Drivers can run but they can't hide at Daytona
Photo by Dave Biro/DB3Inc
Leading into last year’s Daytona 500, former NASCAR Cup champion and six-time superspeedway winner Brad Keselowski claimed that he had been too conservative when it came to racing at the 2.5-mile track.
Although Keselowski has won the summer Cup event at Daytona International Speedway, a victory in the Great American Race has eluded him. So the 36-year-old driver of the No. 2 Team Penske Ford took it up a notch. He also took a page from the Tony Stewart playbook: If a driver blocked, that driver was going around. William Byron learned a lesson for doing just that in the Duels at Daytona.
Byron felt the retaliation was unjust. His teammate at the time—seven-time champion Jimmie Johnson—described blocking as a necessary evil that has evolved due to the current aerodynamics of the car.
Regardless of the driver's disagreement, Keselowski is correct. A competitor adopting a conservative approach will not likely be rewarded with Harley J. Earl trophy at the end of the Daytona 500. Try as drivers might, given the current parameters, the strategy of saving a car for the end run simply doesn’t work.
And over the course of 500 miles leading up to the checkers, there is plenty of room to run but no place to hide. Chris Buescher, the driver of the No. 17 Roush Fenway Racing Ford believes luck plays a factor in surviving to the finish.

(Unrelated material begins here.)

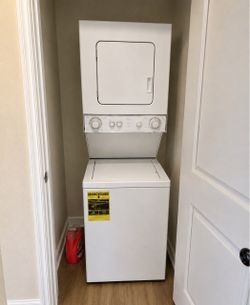 White Stacked Washer and Dryer Unit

“There’s an element of luck to every speedway race, and anybody who tries to downplay that is lying to themselves,” Buescher said. “There’s that factor. We go speedway racing... you’re that close, you are at the mercy of your own mistakes, but you are much moreso at the mercy of 39 other drivers' mistakes, so the probability of being involved in somebody else’s doing--it skyrockets.
“For years, we’ve argued what’s safe. Is the leader safe? Is it 1-5? Is it 25th back is safer? And the numbers used to have a pretty clear trend, and I don’t feel like they do anymore. I think a lot of our wrecks have started at the front row, whether it’s first or second, and it’s come from aggressive blocking the runs that these cars have had.”
Buescher had firsthand experience of just that in last year’s 500. While running fourth on the final lap, his teammate Ryan Newman was in the lead. Newman attempted to block a run by Ryan Blaney, who was being pushed by eventual winner Denny Hamlin. The momentum of the Blaney-Hamlin tandem was too strong and the No. 12 Ford sent Newman spinning violently down the front stretch.
Buescher missed the wreck and notched a career-best third-place finish. But the last lap served as an eye-opener for the 28-year-old driver.
“I don’t know that there’s a safe place anymore,” Buescher said. “For it to be luck, there is an aspect of it. I think what helps is there was really good speed in our Roush Fenway cars for speedway racing, and that enables you to be able to lead a line or kind of make more of your own destiny.
“I think that helped us last season, and it helped put us in a lot of places. I’m going to argue that all four of our speedway races were very good, and we got robbed on one there at the end, but it’s something that we did a good job calculating what risk we were willing to take.”
In the four superspeedway races last year, Buescher finished in the top 10 three times, Newman twice. In the last four years, Roush Fenway Racing’s only two wins came at Daytona and Talladega when Ricky Stenhouse Jr. drove for the team. Buescher credits executive vice president of competition Jimmy Fennig’s dedication to the superspeedway program and team owner Jack Roush’s philosophy to race—not ride—in those events.
“Jack is pretty adamant that we’re racing,” Buescher added. “Those aren’t races where you ride around and try to play the numbers game at the back, so we raced through them.
“We felt like the end of the stage got really aggressive, maybe you back out or try and give up a couple spots versus trying to get that one stage point or ending up in that 12th-13th range and ultimately hitting a fender or causing yourself more pain. A lot of it was a thought process, and there was a good amount of luck in being inches away from disaster several times along the way as well.”